Overview

Evaluate Efficacy and Safety of Ezetimibe/Rosuvastatin and Candesartan Cilexetil/Amlodipine Besylate Combination Tablets

Status:
Active, not recruiting
Trial end date:
2021-11-30
Target enrollment:
0
Participant gender:
All
Summary
To evaluate the efficacy and the safety of concomitant use of Ezetimibe/Rosuvastatin combination tablets and Candesartan cilexetil/Amlodipine besylate combination tablets compared to each combination tablet alone in patients with essential hypertension (HTN) and hyperlipidemia.
Phase:
Phase 4
Accepts Healthy Volunteers?
No
Details
Lead Sponsor:
CJ HealthCare Corporation
HK inno.N Corporation
Treatments:
Amlodipine
Candesartan
Candesartan cilexetil
Ezetimibe
Rosuvastatin Calcium
Criteria
[ Inclusion Criteria ]

1. Adults aged 19 to <75 years.

2. Diagnosed with essential HTN accompanied by hyperlipidemia (average siSBP ≥140 mmHg
and LDL-C ≥100 mg/dL) or being treated for the condition after the diagnosis, at Visit
1 (screening).

3. Provided the signed informed consent form voluntarily after receiving explanation of
the objectives, methods and effects of the study.

4. Medically sterile or agreed to use medically acceptable contraceptive method during
the study.

[ Exclusion Criteria ]

* Criteria Related to HTN and Dyslipidemia

1. Severe HTN defined as average siDBP ≥110 mmHg or average siSBP ≥180 mmHg at Visit 1
(screening).

2. The difference in BPs between those measured at both arms at Visit 1 (screening) is
≥10 mmHg for siDBP or ≥20 mmHg for siSBP.

3. LDL-C >250 mg/dL or TG ≥400 mg/dL at Visit 1 (screening).

4. Diagnosed with or suspected of secondary HTN (e.g., renovascular disease, coarctation
of the aorta, hyperaldosteronism, unilateral or bilateral renal artery stenosis,
Cushing's syndrome, pheochromo-cytoma, polycystic kidney disease, etc.).

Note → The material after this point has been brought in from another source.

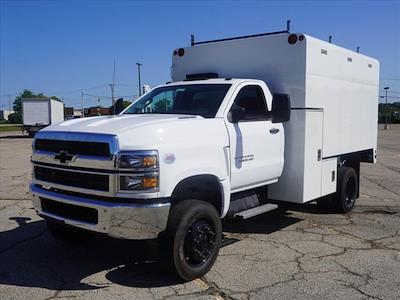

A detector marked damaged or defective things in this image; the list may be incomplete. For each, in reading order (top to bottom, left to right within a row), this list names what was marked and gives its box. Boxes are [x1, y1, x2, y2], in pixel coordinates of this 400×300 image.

cracked asphalt [0, 125, 400, 298]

5. Patients with symptomatic orthostatic HTN (difference in BPs between the value
measured in supine position and the value measured in standing position is ≥20 mmHg
for siSBP or ≥10 mmHg for siDBP).

* Criteria Related to Medical History

6. Diagnosis with type 1 diabetes mellitus (DM) or uncontrolled DM (patients on insulin
therapy or patients with HbA1C ≥9%).

7. Patients with severe heart disease - heart failure (NYHA Classes 3 and 4), history of
ischemic cardiac disease (unstable angina, myocardial infarction), peripheral vascular
diseases, percutaneous transluminal angioplasty, or coronary artery bypass graft
within the recent 3 months.

8. Patients with clinically significant ventricular tachycardia, atrial fibrillation,
atrial flutter, or other clinically significant arrhythmia at the discretion of the
investigator.

9. History of muscular toxicity while on treatment with other HMG-CoA reductase
inhibitors or fibrates.

10. History of angioedema while on treatment with ACE inhibitors or ARBs.

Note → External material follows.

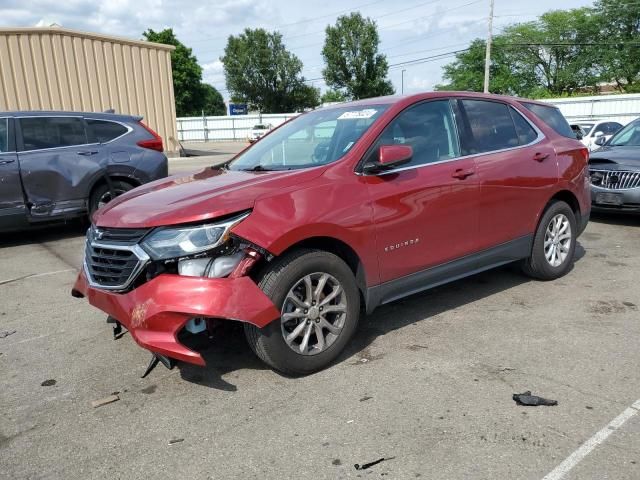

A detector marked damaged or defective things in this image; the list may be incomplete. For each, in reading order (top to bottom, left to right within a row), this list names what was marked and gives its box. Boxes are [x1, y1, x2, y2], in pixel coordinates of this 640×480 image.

broken headlight assembly [139, 213, 252, 280]
damaged red suv [71, 93, 592, 376]
crumpled front bumper [71, 270, 278, 368]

11. History of hypersensitivity to ARBs, dihydropyridines, or HMG-CoA reductase
inhibitors.

12. Patients with hypertrophic occlusive myocardiopathy, severe occlusive coronary artery
disease, aortic stenosis, hemodynamically significant aortic, or mitral valve
stenosis.

13. Presence of severe cerebrovascular disorders (diagnosis of stroke, cerebral
infarction, or cerebral hemorrhage within the recent 6 months).

14. History or current evidence of wasting diseases, autoimmune diseases (such as
rheumatoid arthritis and systemic lupus erythematosus), or connective tissue diseases.

15. Known diagnosis of moderate or malignant retinopathy (including retinal hemorrhage,
visual disturbance, and retinal microaneurysm within the recent 6 months).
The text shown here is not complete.